» TO DO:
Give the data again exactly, from its opening line through the line in which "Husqvarna Fuel tank HUSQVARNA 6L" appears.

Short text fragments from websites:
+-------+

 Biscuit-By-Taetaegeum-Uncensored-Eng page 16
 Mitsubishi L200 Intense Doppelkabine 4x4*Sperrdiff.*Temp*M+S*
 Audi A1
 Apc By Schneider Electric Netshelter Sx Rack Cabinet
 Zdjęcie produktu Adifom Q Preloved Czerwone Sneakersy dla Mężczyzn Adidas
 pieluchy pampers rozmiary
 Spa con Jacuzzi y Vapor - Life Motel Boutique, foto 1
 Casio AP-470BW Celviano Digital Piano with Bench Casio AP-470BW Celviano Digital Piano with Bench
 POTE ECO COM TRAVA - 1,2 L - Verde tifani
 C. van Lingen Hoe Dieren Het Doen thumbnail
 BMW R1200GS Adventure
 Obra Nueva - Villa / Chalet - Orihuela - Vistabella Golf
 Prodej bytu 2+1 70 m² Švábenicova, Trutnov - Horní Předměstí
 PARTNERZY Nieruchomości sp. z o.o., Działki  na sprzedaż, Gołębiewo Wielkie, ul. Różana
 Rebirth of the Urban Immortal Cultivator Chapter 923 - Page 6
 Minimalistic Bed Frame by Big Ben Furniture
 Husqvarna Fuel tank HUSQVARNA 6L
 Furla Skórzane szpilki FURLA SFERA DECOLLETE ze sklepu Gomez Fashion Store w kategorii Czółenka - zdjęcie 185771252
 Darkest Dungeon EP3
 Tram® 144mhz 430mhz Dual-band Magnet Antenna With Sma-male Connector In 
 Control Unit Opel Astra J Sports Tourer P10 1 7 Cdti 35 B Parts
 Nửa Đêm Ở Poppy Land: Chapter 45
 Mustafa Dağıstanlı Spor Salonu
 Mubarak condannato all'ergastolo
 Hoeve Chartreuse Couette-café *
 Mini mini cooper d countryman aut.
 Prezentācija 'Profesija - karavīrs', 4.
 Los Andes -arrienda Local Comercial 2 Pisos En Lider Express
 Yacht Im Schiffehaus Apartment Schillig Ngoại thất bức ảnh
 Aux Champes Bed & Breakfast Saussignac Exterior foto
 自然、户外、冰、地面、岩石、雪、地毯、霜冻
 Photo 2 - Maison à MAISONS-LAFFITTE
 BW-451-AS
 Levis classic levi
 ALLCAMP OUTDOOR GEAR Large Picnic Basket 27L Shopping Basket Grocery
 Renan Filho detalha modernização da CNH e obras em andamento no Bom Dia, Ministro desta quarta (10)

+-------+

» RESULT BELOW:
 Biscuit-By-Taetaegeum-Uncensored-Eng page 16
 Mitsubishi L200 Intense Doppelkabine 4x4*Sperrdiff.*Temp*M+S*
 Audi A1
 Apc By Schneider Electric Netshelter Sx Rack Cabinet
 Zdjęcie produktu Adifom Q Preloved Czerwone Sneakersy dla Mężczyzn Adidas
 pieluchy pampers rozmiary
 Spa con Jacuzzi y Vapor - Life Motel Boutique, foto 1
 Casio AP-470BW Celviano Digital Piano with Bench Casio AP-470BW Celviano Digital Piano with Bench
 POTE ECO COM TRAVA - 1,2 L - Verde tifani
 C. van Lingen Hoe Dieren Het Doen thumbnail
 BMW R1200GS Adventure
 Obra Nueva - Villa / Chalet - Orihuela - Vistabella Golf
 Prodej bytu 2+1 70 m² Švábenicova, Trutnov - Horní Předměstí
 PARTNERZY Nieruchomości sp. z o.o., Działki  na sprzedaż, Gołębiewo Wielkie, ul. Różana
 Rebirth of the Urban Immortal Cultivator Chapter 923 - Page 6
 Minimalistic Bed Frame by Big Ben Furniture
 Husqvarna Fuel tank HUSQVARNA 6L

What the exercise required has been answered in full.